There was selling pressure built into the markets on Monday morning as many of the outstanding
positions were not squared off on Friday in the previous week.
The market opened on Monday morning and with the start of working day some brokers with large
outstanding positions, some banks and stock exchanges started to sell heavily. Within no matter of
time the market lost 500 points. The institutional brokers were considered to have been selling on
behalf of hedge funds, which changes the market trend rather quickly. The banks and finance
companies, indulged in margin lending, were the other set of sellers. While banks sell securities to
avoid taking on the market risk in the event clients are unable to bring in additional margins in the
prescribed time. According to market analysts most of the selling in the first few minutes of trading
on Monday were market orders, or orders to sell at best available market prices. In the absence of
many buyers, market orders brought down the sensex in no time. The imbalance in the market
was reflected in the futures prices of most prominent shares, which quoted at very steep discounts
to spot prices.

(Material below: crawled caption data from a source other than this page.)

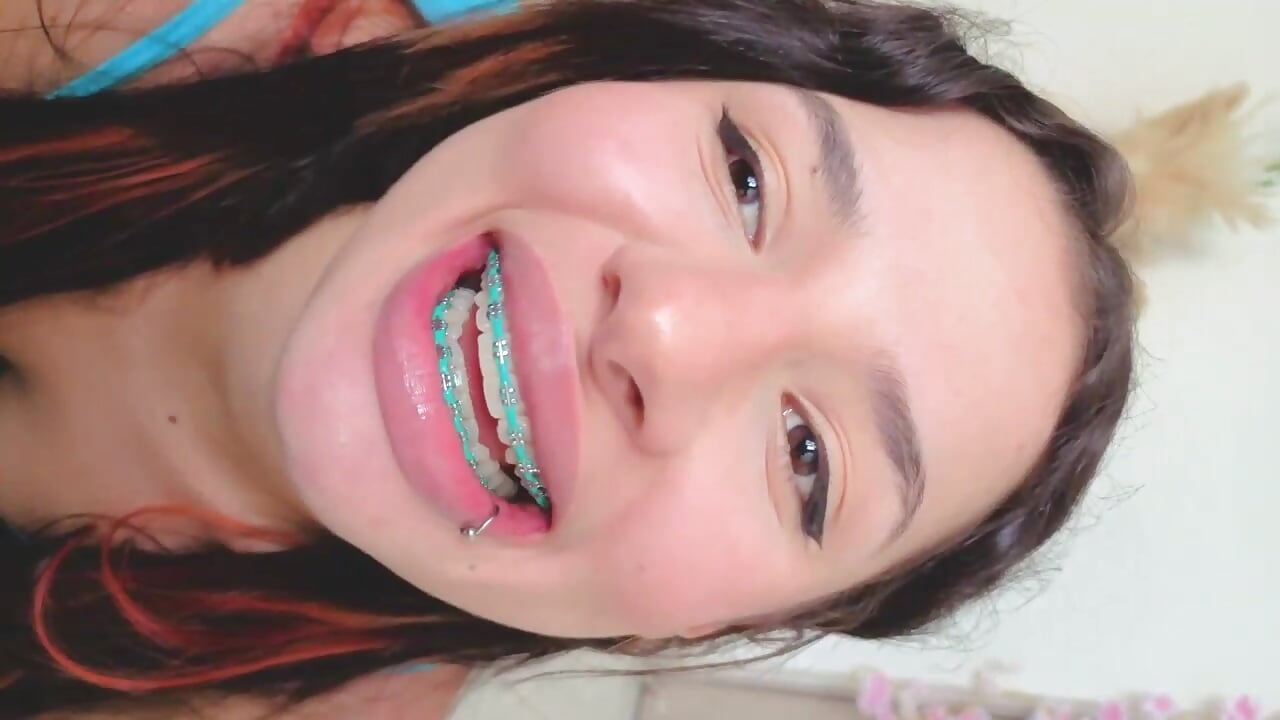 mouth open wide + fakecum+povfacefuck + braces - video van Mia_adams66 cam-model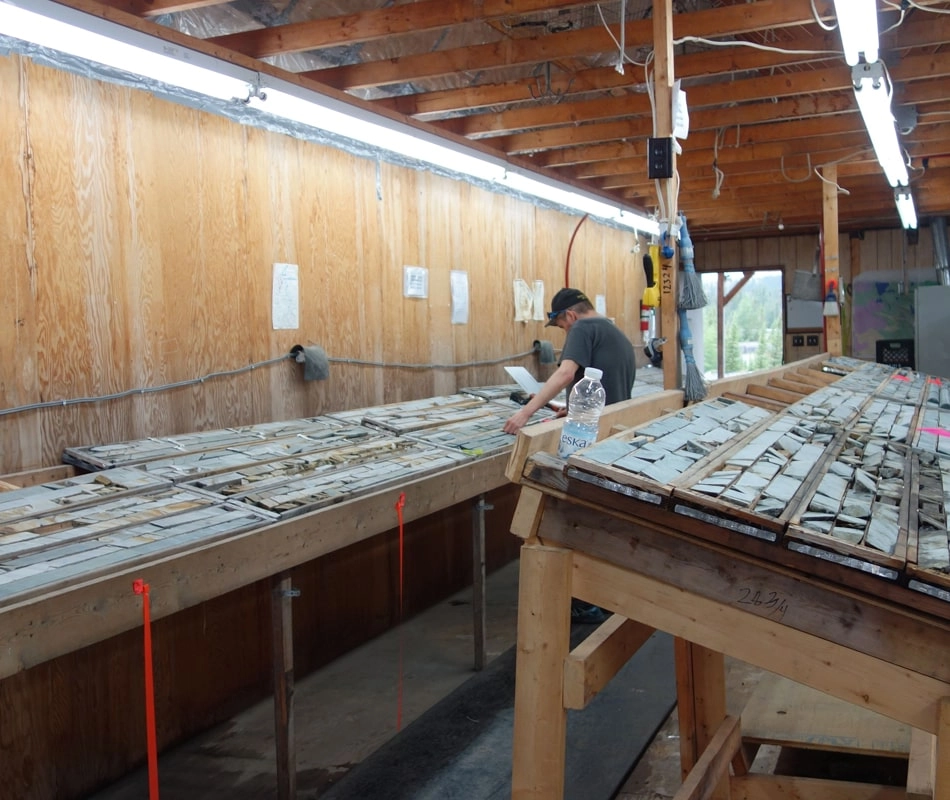 Benz Mining Corp. Unveils Strong Gold Drill Results at Icon Prospect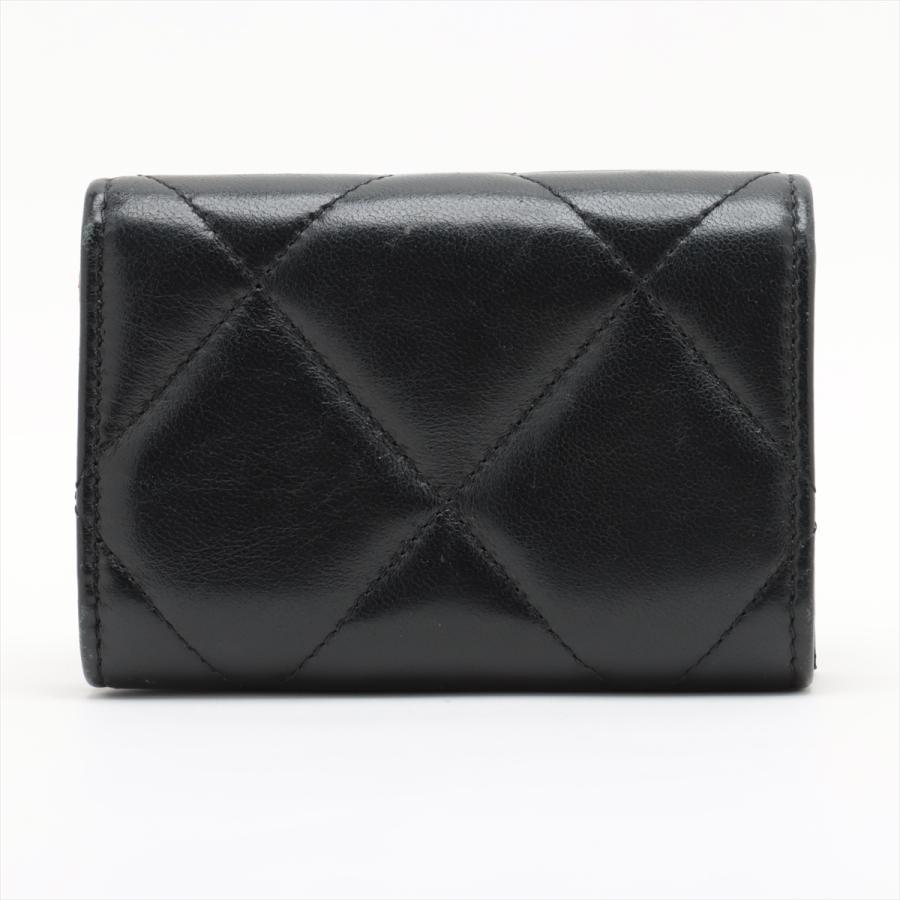 シャネル 折り財布 ミニ財布 シャネル19 ブラック 黒 ココマーク マトラッセ CHANEL 19 美品 シャネル ミニ ウォレット マトラッセ ココマーク 黒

According to experts the fall was result of market manipulation by a group of market
players. Market manipulation is neither illegal nor a fraud but it creates a false market, distorts
price set and leads to wrong resource allocation signals to the rest of the economy. The PSU
companies suffered most, which were in the disinvestments list.

Sensitivity of the Index


Black Monday was the result of a single comment made by Sitaram Yechury about the closure of
disinvestments department. The capital market panicked speculating the rolling back of the
economy because of left's presence in the government. Over the period of time the market trend is
becoming dangerously sensitive towards politics. Of course politics does play an important role to
give direction to the economy but excessive reactions is certainly a matter of concern. Even when
the exit poll after the second round of election came market slumped as it came to know that NDA
is not getting clear majority. What investors should look into is country's strength in infrastructure,
resources, growth rate, educational system, various company's future plans and performance etc.,
but they look into political comments, speculations over false or baseless rumours, whether
monsoon is good or not, etc., instead and react instantly. These all make the capital market rather
unbalanced and uncertain and investors go frenzy over completely unrelated matters.

According to some experts the market should be closed for one week when the results of election
are due to come. At least it would have given breathing space to the investors and they could have
a clear picture of the future path of economy before making next investment decision.